━━━━━ MATERIALS PROVIDED ━━━━━

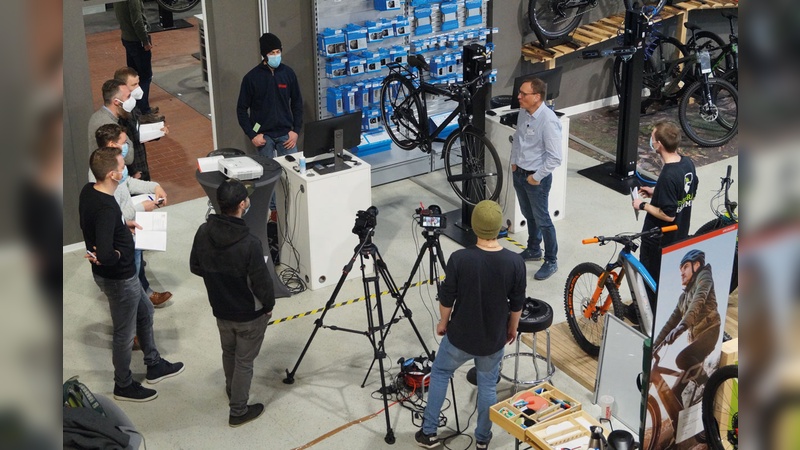 Die jüngste Ausgabe der Grundlagenschulung Werkstatt bei Bike‘s n Boards in Wetzlar fand in Kleingruppen statt, um den Lerneffekt zu maximieren.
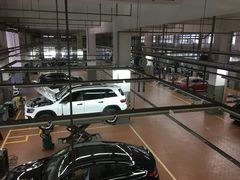 -北京鹏龙大道奔驰4S店(纪家庙店)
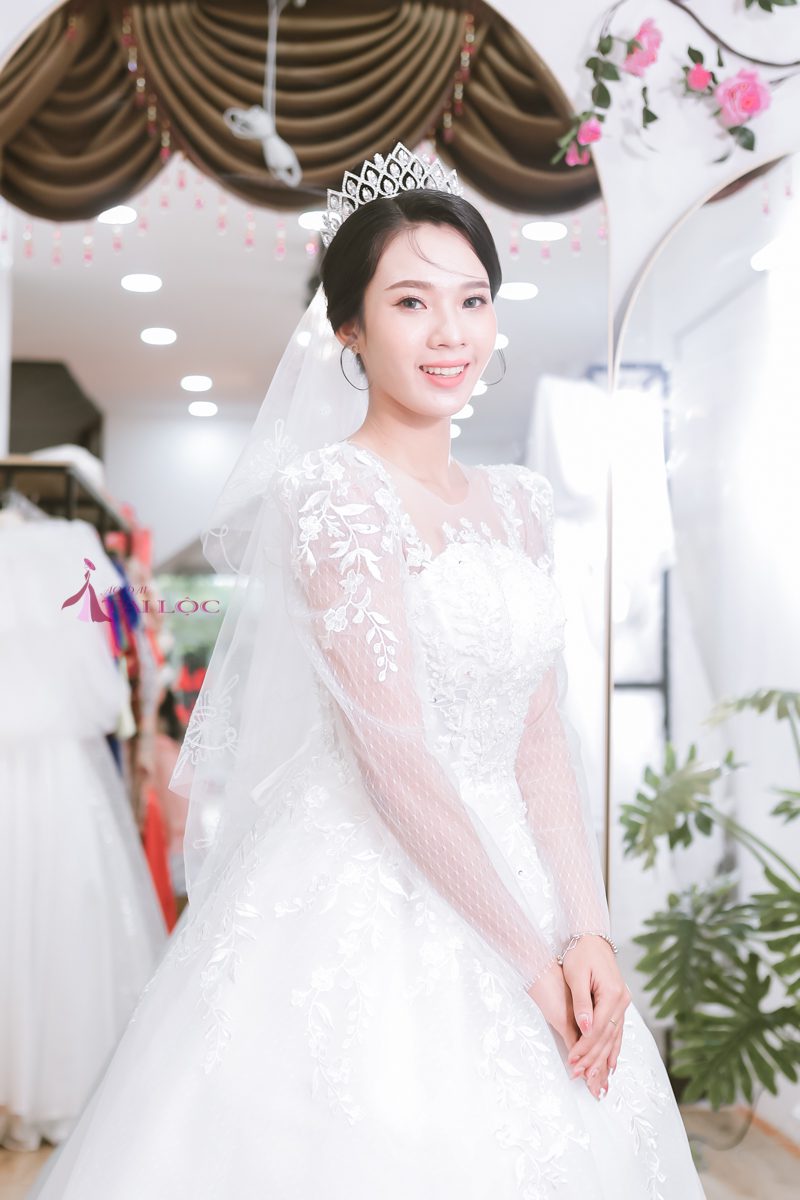 Mẫu Váy Cưới Tay Dài Đẹp Dành Cho Nàng Dâu - Tài Lộc Wedding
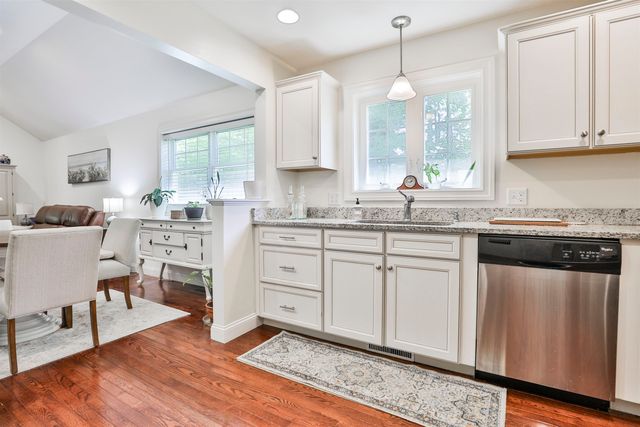 35 Furnival Road, Nashua, NH 03064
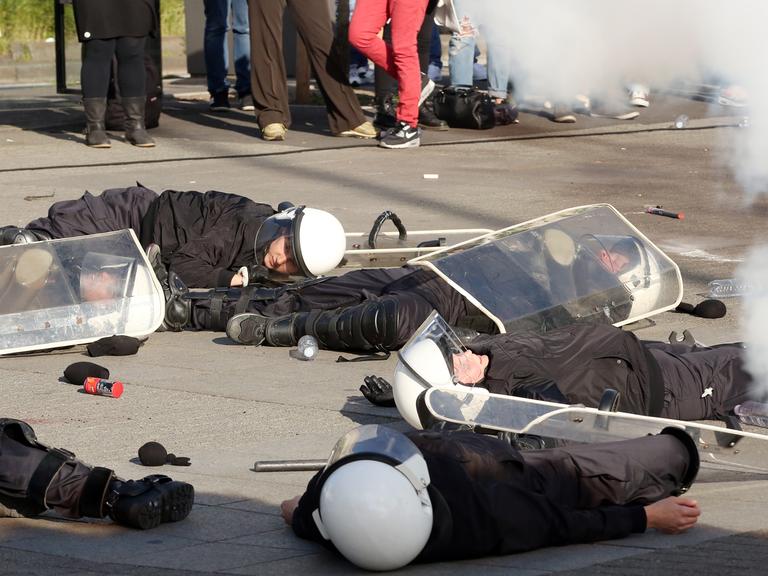 Künstler stellen am 03.06.2015 in Hamburg in Erinnerung an die Proteste auf dem Tahrir-Platz in Kairo, dem Gezi-Park in Istanbul oder dem Maidan-Platz in Kiew eine Demonstration zwischen Polizisten und Aktivisten nach.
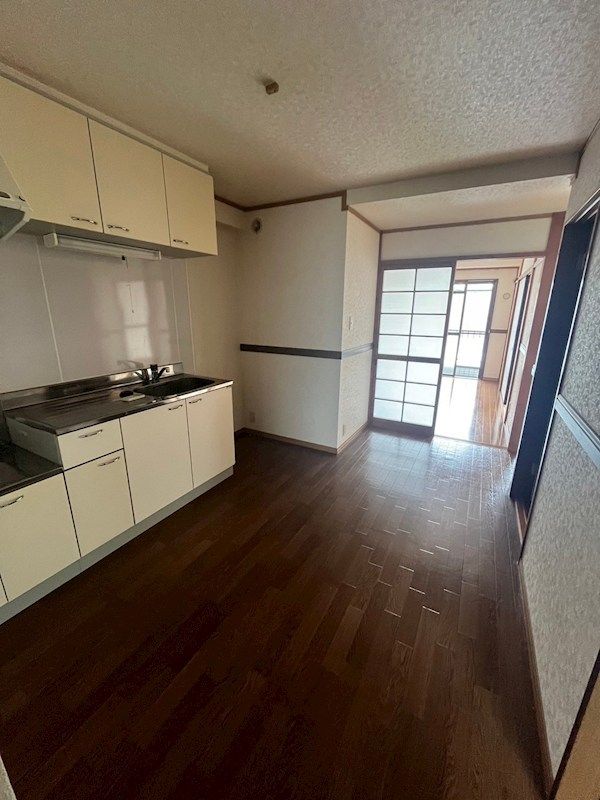 コープ今井 リビング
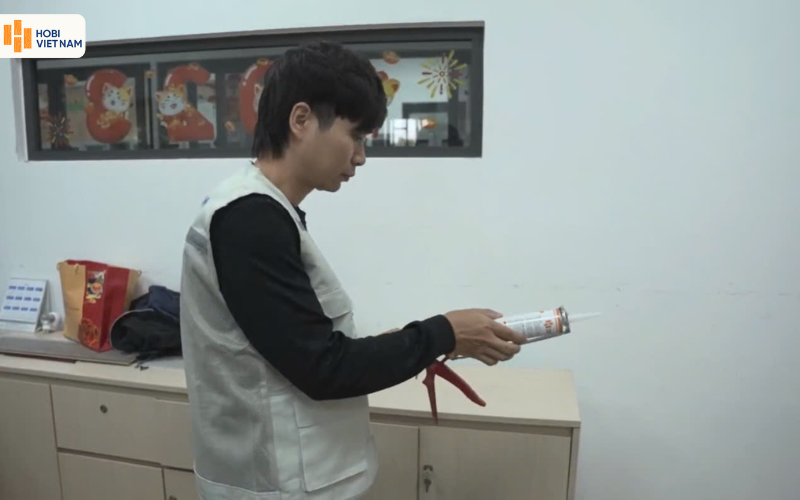 Đặt lọ keo Hobi Bond vào súng bắn keo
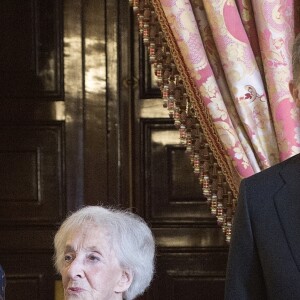 La reine Letizia et le roi Felipe VI d'Espagne ont reçu le 24 avril 2019 au palais royal à Madrid la poétesse uruguayenne Ida Vitale, récompensée la veille par le Prix Miguel de Cervantes, pour un déjeuner en son honneur.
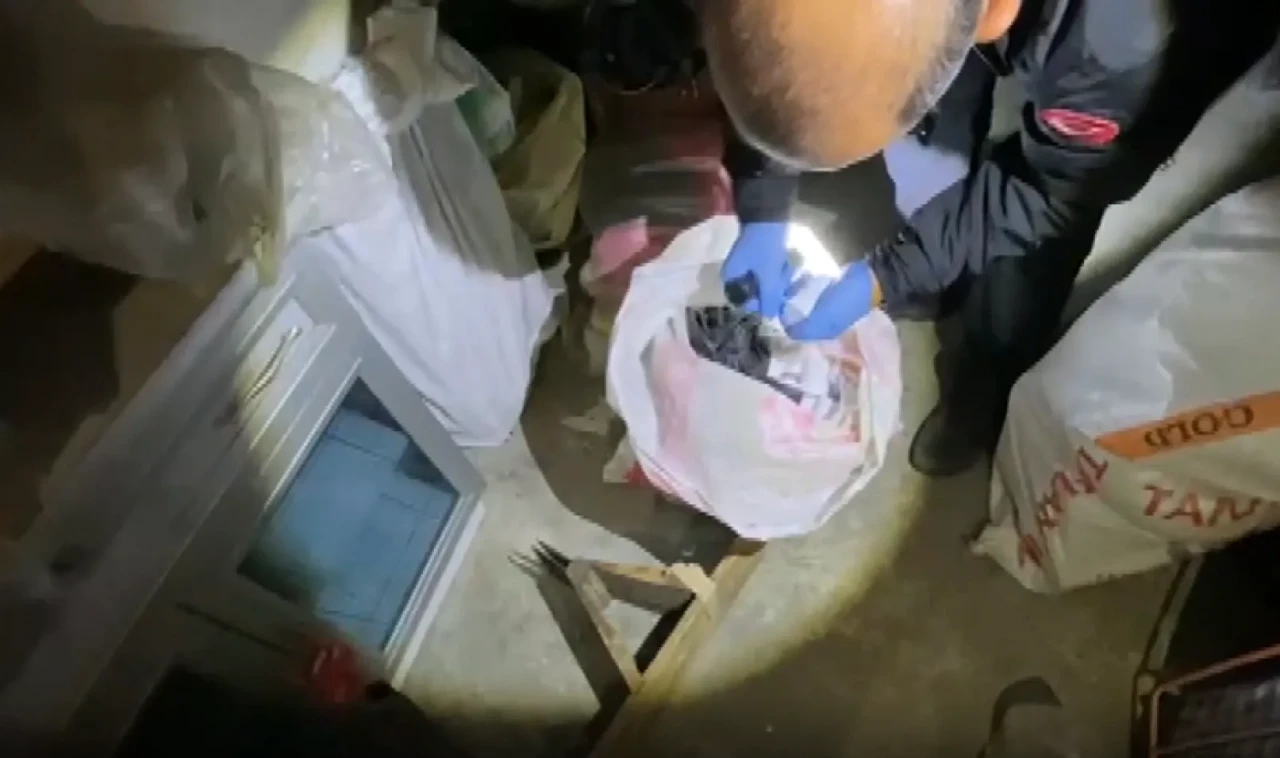 Uyuşturucuya gizli depo: Polis çatı katında buldu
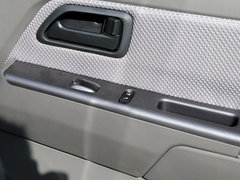 2012款 2.8T 手动 两驱商务版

━━━━━

What belongs in the answer is each line above from the line with "Mẫu Váy Cưới" to the line with "Künstler stellen am", inclusive, reproduced exactly and free of pictures.

:: ANSWER TO THE PROBLEM ::
 Mẫu Váy Cưới Tay Dài Đẹp Dành Cho Nàng Dâu - Tài Lộc Wedding
 35 Furnival Road, Nashua, NH 03064
 Künstler stellen am 03.06.2015 in Hamburg in Erinnerung an die Proteste auf dem Tahrir-Platz in Kairo, dem Gezi-Park in Istanbul oder dem Maidan-Platz in Kiew eine Demonstration zwischen Polizisten und Aktivisten nach.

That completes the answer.